Pero las clases populares no eran espectadores pasivos de la ingeniería social
realizada para su supuesto beneficio. Llevaron su protesta directamente a las puertas y
paredes –del palacio virreinal, el símbolo más visible de la autoridad borbónica. Quizás
inconscientemente reconociendo que las reformas borbónicas buscaban controlar sus
cuerpos, el pueblo bajo respondió con sus cuerpos. A pesar de las ordenanzas sobre la
obscenidad pública, durante el mandato de Revillagigedo tres guardias armados tuvieron
que ser colocados alrededor del palacio –no para controlar a las multitudes armadas que
clamaban por la revolución, sino para evitar el regreso de los socialmente reprimidos: el
ejército del pueblo bajo que diariamente orinaba y defecaba contra sus muros.111 A fines
del siglo XVIII en la Ciudad de México, la conformidad de los pobres con los juiciosos
enemas de racionalidad no era total, ni estaban completamente cegados por la Ilustración.
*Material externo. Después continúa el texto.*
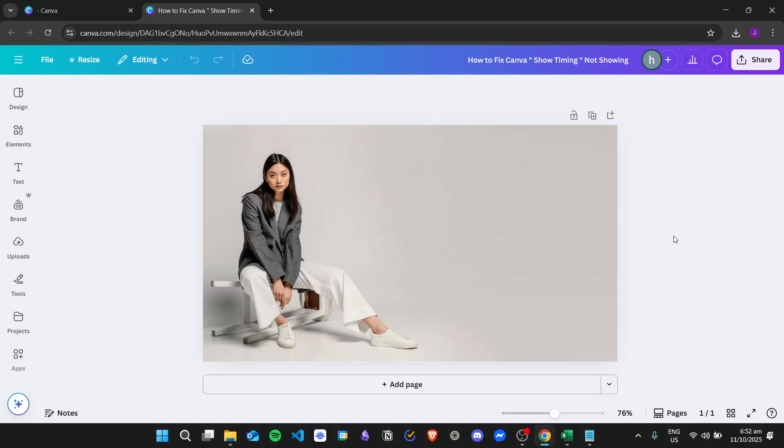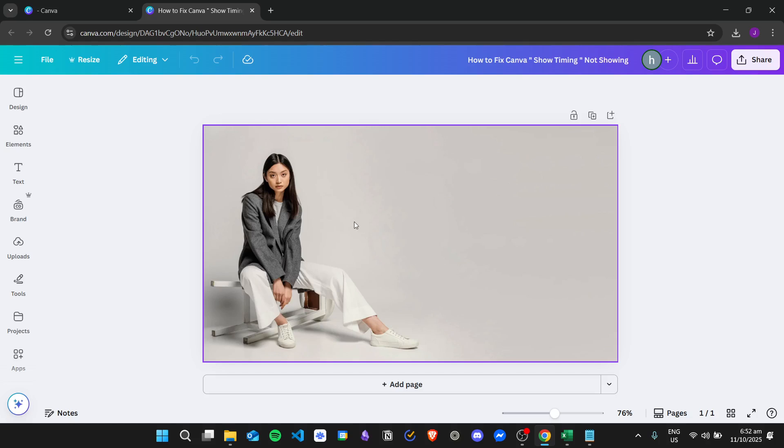Hi there, and today we are going to learn about how to fix the Canva show timing feature not showing. The first reason why the show timing feature is not showing is that maybe you are using a presentation or any kind of project as long as it is not a video.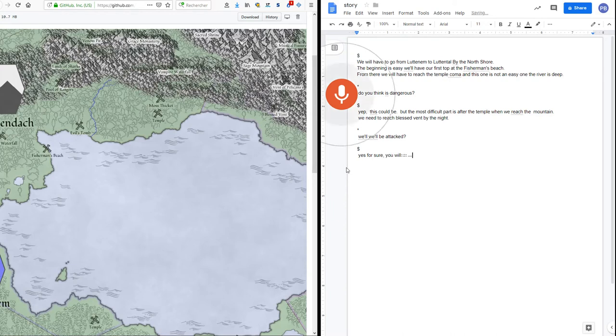You will have to face challenges today to conquer this land, and this one is not an easy one.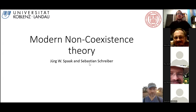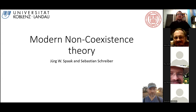Welcome everyone to the next iteration of the IIT seminars. Today it is my pleasure to have Jurg Spark from the University of Koblenz-Landau, and he's going to be talking about some work he's been doing along with Sebastian Schreiber on modern exclusion theory — modern non-coexistence theory. Without further ado, Jurg, the floor is yours.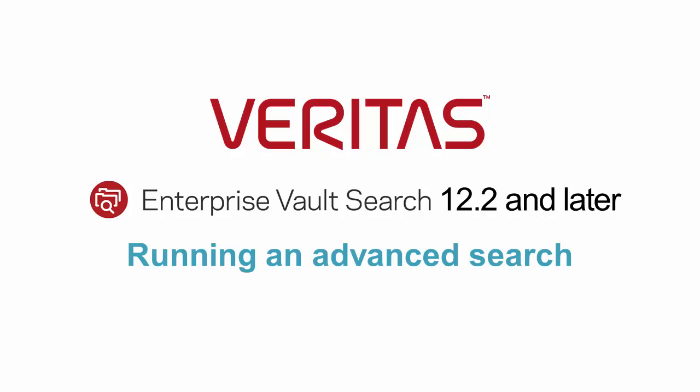This video shows you how to use the Advanced Search feature in Enterprise Vault Search. Advanced Search lets you add multiple search criteria.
Sin embargo, surgió una nueva relación entre la élite y la cultura popular a fines
del siglo XVIII, cuando los reformadores intentaron imponer una cultura dominante a las
personas con sus propias nociones distintas de tiempo, espacio y cuerpo. El estado no
admitió oposición en su búsqueda de una relación educativa inmediata con individuos,
participando en una ingeniería social radical para crear el público recién imaginado. La
bebida, el clamor escandaloso y la incontinencia estaban sujetos a vigilancia y control,
mientras los reformadores se esforzaban tanto por forjar una ciudadanía que condujera a
su agenda económica para la Ciudad de México como por declarar públicamente su
propio estatus de gente culta. Este nuevo antagonismo entre la élite y la cultura popular
se manifestó tanto en la topografía cambiante de la ciudad como en el nuevo umbral de
vergüenza y bochorno del cuerpo. A través de nuevas instituciones como los Alcaldes de
Barrio, las élites mantuvieron un monopolio firme, aunque disputado, sobre las entradas
culturales para el acceso a los nuevos espacios públicos. La retórica de la reforma también
vigilaba los límites entre la gente culta y el pueblo bajo durante una época de identidades
sociales que cambiaban rápidamente. La expresión de la moral expuso los aspectos
culturales de la pertenencia a la clase élite ya que el pueblo bajo, reacio o económicamente
impedido de adquirir accesorios culturales de élite, se convirtió en el florete social de la
gente culta.
110
Gonzalez Polo y Acosta, ed., “Compendio de Provedencias”, 29 y 34; Vargas-Rea, ed.,
Cuaderno de las cosas, 121.
111
Vargas Rea, ed., Cuaderno de las cosas, 25.